━━━━━ RECORDS SUPPLIED
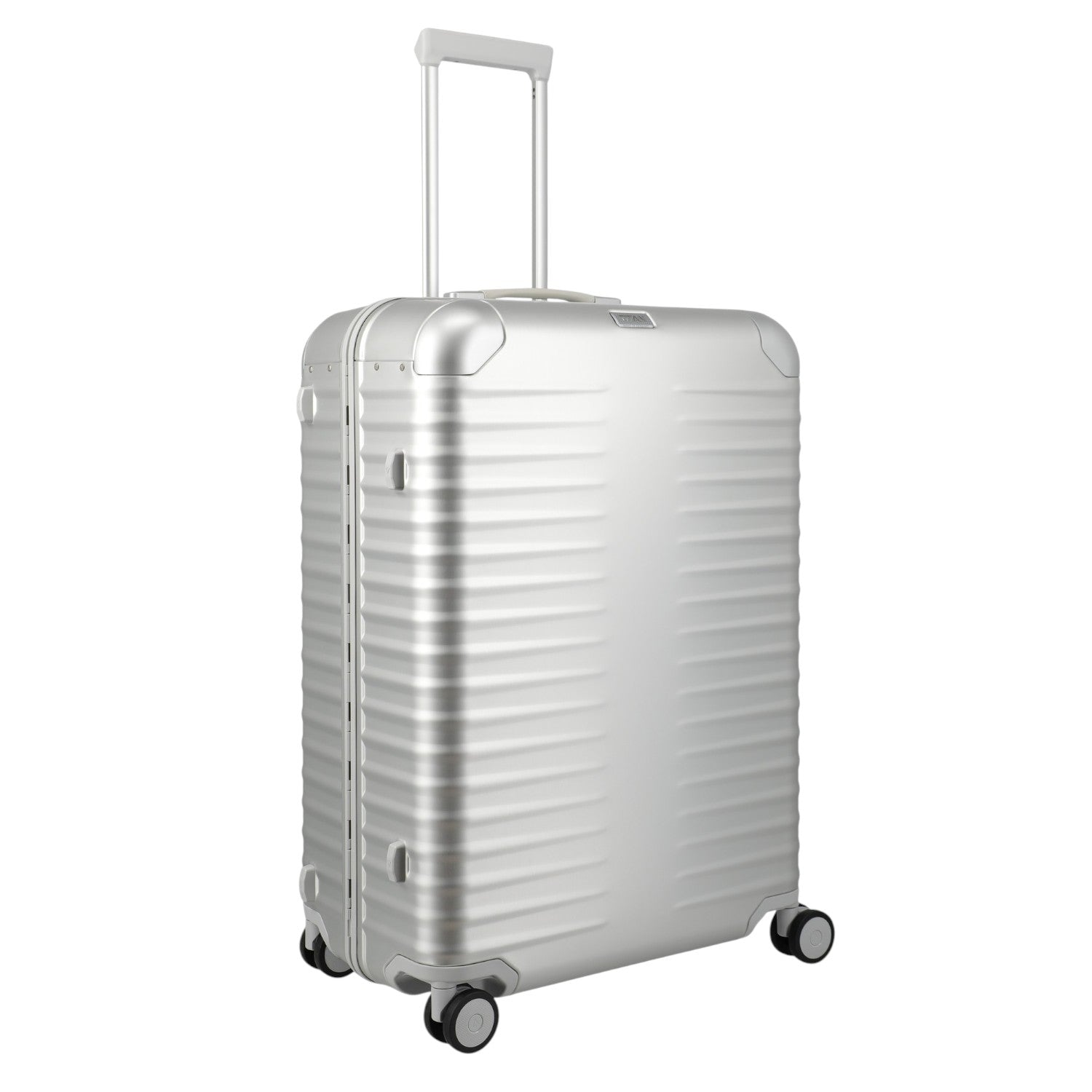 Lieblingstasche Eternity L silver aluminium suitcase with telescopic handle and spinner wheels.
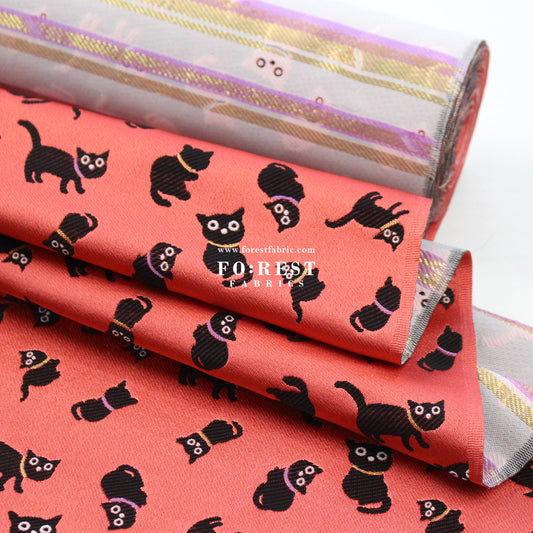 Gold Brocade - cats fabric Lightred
━━━━━━━━━━
━━━━━ RECORDS SUPPLIED
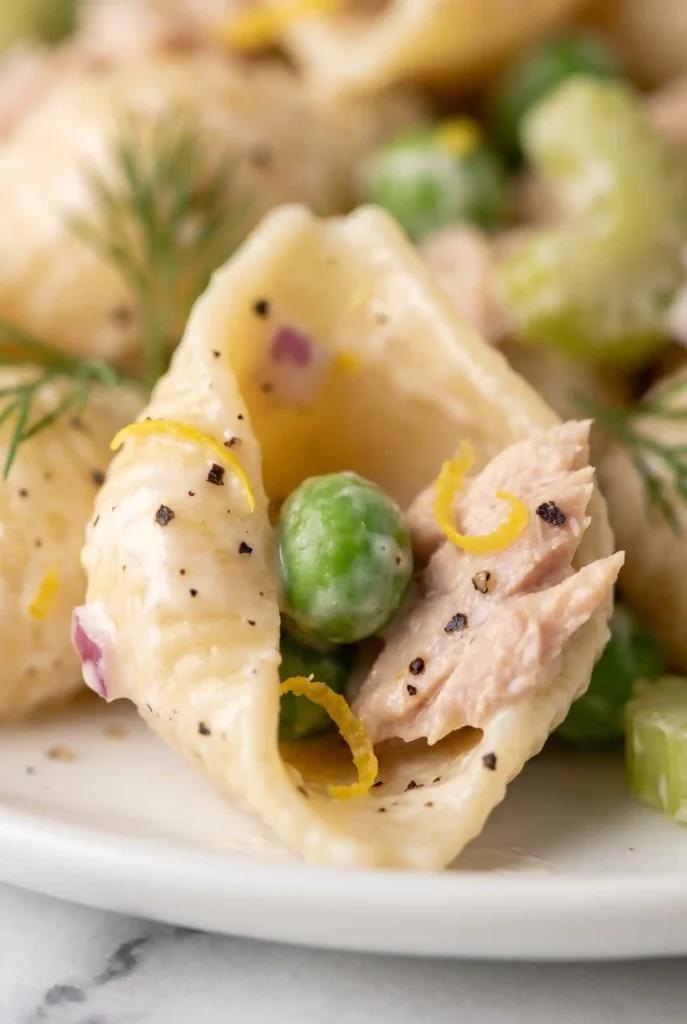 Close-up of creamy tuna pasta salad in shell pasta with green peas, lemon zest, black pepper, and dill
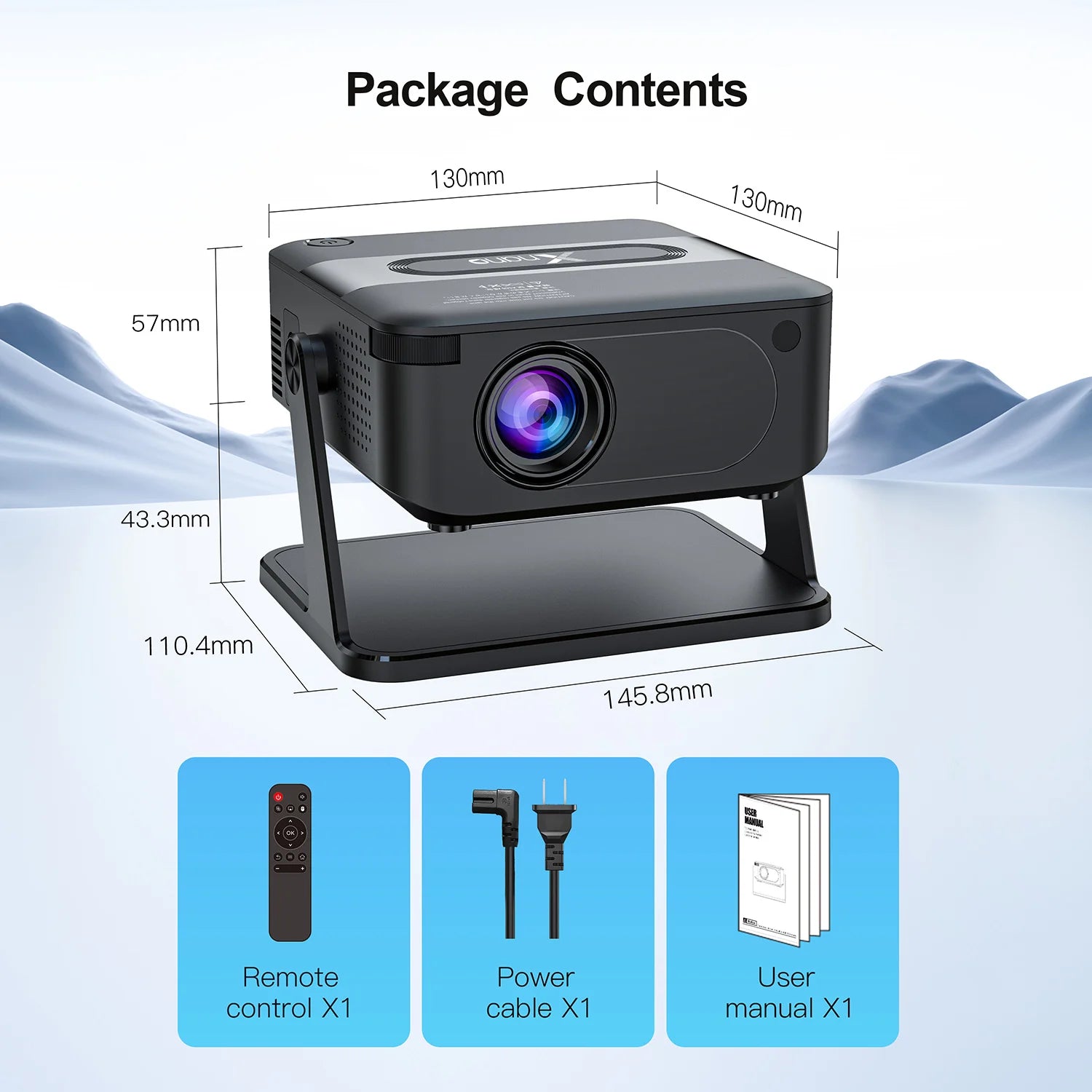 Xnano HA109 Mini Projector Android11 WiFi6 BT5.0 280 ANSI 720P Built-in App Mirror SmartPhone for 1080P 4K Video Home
━━━━━━━━━━
=== TASK DETAILS ===
Now transcribe the lines above exactly, starting at the line containing "Lieblingstasche Eternity L" and ending at the line containing "Gold Brocade - cats fabric Lightred", both lines included, pictures excluded.

=== ANSWER SECTION ===
 Lieblingstasche Eternity L silver aluminium suitcase with telescopic handle and spinner wheels.
 Gold Brocade - cats fabric Lightred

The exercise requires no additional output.